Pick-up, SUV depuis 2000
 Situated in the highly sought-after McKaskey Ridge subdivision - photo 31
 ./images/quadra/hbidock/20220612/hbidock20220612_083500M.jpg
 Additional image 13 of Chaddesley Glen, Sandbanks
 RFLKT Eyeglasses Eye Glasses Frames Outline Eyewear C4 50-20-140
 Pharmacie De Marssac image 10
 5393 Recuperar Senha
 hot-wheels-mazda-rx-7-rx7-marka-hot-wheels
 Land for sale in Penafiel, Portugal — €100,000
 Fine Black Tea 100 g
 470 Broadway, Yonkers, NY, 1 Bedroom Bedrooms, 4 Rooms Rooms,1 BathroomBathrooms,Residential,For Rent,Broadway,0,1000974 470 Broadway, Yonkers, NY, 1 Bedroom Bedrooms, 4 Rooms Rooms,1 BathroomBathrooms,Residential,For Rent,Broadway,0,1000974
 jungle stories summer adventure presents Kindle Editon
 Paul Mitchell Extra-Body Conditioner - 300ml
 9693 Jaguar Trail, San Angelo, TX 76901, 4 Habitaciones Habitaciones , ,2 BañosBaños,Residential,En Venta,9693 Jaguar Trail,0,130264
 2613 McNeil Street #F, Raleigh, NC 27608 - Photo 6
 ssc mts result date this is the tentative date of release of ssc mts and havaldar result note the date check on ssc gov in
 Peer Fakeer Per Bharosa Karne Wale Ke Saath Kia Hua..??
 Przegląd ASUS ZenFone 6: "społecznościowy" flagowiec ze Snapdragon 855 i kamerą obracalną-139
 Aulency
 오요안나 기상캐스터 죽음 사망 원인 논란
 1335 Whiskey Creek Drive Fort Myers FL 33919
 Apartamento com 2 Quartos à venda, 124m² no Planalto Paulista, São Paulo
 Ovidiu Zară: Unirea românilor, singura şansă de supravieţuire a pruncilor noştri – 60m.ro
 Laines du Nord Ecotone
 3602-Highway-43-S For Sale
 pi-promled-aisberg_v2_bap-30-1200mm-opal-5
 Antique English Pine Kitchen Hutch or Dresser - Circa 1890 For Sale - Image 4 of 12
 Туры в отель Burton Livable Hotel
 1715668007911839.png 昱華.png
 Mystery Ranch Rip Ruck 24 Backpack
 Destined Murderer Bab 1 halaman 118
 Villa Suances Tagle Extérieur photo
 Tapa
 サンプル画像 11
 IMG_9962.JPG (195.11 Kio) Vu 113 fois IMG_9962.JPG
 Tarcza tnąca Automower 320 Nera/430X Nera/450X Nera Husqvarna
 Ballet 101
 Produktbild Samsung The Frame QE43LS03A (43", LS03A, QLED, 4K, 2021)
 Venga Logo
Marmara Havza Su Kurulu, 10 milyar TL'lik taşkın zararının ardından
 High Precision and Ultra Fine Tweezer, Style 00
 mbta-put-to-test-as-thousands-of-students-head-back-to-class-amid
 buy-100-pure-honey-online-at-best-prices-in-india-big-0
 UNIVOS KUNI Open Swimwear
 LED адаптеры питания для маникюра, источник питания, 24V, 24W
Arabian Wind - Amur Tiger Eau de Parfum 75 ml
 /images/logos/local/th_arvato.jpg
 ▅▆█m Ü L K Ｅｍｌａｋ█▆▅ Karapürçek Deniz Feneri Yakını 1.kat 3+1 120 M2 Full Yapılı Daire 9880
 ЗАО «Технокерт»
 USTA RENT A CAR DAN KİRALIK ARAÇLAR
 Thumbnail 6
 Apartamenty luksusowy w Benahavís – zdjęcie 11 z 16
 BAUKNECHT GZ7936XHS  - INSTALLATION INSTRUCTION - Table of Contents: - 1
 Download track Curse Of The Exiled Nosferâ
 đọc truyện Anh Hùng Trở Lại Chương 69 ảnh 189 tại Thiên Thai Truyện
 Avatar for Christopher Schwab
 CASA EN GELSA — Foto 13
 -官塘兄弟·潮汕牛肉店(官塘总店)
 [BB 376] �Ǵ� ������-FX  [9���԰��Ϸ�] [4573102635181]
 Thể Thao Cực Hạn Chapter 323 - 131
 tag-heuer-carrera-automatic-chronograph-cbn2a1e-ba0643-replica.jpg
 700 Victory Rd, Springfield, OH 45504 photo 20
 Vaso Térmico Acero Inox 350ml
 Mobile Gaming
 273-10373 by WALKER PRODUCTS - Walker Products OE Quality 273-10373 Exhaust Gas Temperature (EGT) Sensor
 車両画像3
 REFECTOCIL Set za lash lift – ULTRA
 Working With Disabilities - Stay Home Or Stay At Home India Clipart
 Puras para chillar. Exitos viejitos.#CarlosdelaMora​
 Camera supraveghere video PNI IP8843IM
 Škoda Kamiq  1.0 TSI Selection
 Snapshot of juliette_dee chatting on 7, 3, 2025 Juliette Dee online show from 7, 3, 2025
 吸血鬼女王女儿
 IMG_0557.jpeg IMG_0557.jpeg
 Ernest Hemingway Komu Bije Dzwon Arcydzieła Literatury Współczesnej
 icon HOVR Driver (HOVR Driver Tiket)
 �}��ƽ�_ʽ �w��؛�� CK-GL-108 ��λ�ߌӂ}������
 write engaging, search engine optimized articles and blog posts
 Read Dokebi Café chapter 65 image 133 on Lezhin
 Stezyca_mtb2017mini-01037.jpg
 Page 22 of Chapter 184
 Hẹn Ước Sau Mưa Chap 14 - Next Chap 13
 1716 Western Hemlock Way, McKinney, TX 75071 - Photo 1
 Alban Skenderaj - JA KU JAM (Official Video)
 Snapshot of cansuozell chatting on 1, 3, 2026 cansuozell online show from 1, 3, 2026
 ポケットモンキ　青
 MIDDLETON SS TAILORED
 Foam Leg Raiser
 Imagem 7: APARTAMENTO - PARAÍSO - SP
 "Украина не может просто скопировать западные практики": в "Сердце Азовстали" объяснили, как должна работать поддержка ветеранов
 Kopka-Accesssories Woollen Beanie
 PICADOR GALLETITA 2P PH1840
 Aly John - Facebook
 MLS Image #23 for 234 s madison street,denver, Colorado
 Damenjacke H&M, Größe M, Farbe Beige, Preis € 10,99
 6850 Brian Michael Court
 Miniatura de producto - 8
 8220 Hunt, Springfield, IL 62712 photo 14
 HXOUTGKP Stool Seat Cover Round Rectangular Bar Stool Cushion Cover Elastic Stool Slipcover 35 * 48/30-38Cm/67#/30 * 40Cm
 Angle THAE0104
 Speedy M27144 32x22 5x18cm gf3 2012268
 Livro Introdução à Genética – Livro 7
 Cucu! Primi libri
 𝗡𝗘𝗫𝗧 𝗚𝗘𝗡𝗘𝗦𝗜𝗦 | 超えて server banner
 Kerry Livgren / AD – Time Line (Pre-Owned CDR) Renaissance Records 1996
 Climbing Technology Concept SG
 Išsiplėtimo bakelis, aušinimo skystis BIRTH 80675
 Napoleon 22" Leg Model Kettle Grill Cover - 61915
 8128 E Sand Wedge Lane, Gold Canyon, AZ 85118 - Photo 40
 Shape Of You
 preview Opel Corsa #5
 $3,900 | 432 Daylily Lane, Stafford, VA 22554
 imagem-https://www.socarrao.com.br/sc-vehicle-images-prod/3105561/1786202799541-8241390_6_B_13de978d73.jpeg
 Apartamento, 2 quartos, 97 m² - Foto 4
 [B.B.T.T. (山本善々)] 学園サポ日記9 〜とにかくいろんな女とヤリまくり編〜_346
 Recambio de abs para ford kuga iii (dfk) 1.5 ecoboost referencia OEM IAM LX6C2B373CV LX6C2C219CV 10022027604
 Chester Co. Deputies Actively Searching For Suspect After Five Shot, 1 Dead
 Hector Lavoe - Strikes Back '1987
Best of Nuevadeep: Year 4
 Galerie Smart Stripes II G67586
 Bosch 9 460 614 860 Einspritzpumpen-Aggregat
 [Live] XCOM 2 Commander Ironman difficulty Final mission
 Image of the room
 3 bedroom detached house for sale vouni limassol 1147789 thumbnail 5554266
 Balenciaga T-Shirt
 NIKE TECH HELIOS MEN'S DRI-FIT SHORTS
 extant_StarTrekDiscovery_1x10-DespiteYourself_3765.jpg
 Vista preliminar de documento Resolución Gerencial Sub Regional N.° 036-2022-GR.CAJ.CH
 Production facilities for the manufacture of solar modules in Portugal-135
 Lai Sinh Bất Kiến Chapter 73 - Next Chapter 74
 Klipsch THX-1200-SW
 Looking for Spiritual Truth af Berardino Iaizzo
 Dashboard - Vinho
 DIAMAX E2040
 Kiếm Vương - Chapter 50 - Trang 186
++++++++++
Starting at the line above that contains "Foam Leg Raiser", write out each line exactly until the line that contains "Image of the room" has been written, and stop there.

Result:
 Foam Leg Raiser
 Imagem 7: APARTAMENTO - PARAÍSO - SP
 "Украина не может просто скопировать западные практики": в "Сердце Азовстали" объяснили, как должна работать поддержка ветеранов
 Kopka-Accesssories Woollen Beanie
 PICADOR GALLETITA 2P PH1840
 Aly John - Facebook
 MLS Image #23 for 234 s madison street,denver, Colorado
 Damenjacke H&M, Größe M, Farbe Beige, Preis € 10,99
 6850 Brian Michael Court
 Miniatura de producto - 8
 8220 Hunt, Springfield, IL 62712 photo 14
 HXOUTGKP Stool Seat Cover Round Rectangular Bar Stool Cushion Cover Elastic Stool Slipcover 35 * 48/30-38Cm/67#/30 * 40Cm
 Angle THAE0104
 Speedy M27144 32x22 5x18cm gf3 2012268
 Livro Introdução à Genética – Livro 7
 Cucu! Primi libri
 𝗡𝗘𝗫𝗧 𝗚𝗘𝗡𝗘𝗦𝗜𝗦 | 超えて server banner
 Kerry Livgren / AD – Time Line (Pre-Owned CDR) Renaissance Records 1996
 Climbing Technology Concept SG
 Išsiplėtimo bakelis, aušinimo skystis BIRTH 80675
 Napoleon 22" Leg Model Kettle Grill Cover - 61915
 8128 E Sand Wedge Lane, Gold Canyon, AZ 85118 - Photo 40
 Shape Of You
 preview Opel Corsa #5
 $3,900 | 432 Daylily Lane, Stafford, VA 22554
 imagem-https://www.socarrao.com.br/sc-vehicle-images-prod/3105561/1786202799541-8241390_6_B_13de978d73.jpeg
 Apartamento, 2 quartos, 97 m² - Foto 4
 [B.B.T.T. (山本善々)] 学園サポ日記9 〜とにかくいろんな女とヤリまくり編〜_346
 Recambio de abs para ford kuga iii (dfk) 1.5 ecoboost referencia OEM IAM LX6C2B373CV LX6C2C219CV 10022027604
 Chester Co. Deputies Actively Searching For Suspect After Five Shot, 1 Dead
 Hector Lavoe - Strikes Back '1987
Best of Nuevadeep: Year 4
 Galerie Smart Stripes II G67586
 Bosch 9 460 614 860 Einspritzpumpen-Aggregat
 [Live] XCOM 2 Commander Ironman difficulty Final mission
 Image of the room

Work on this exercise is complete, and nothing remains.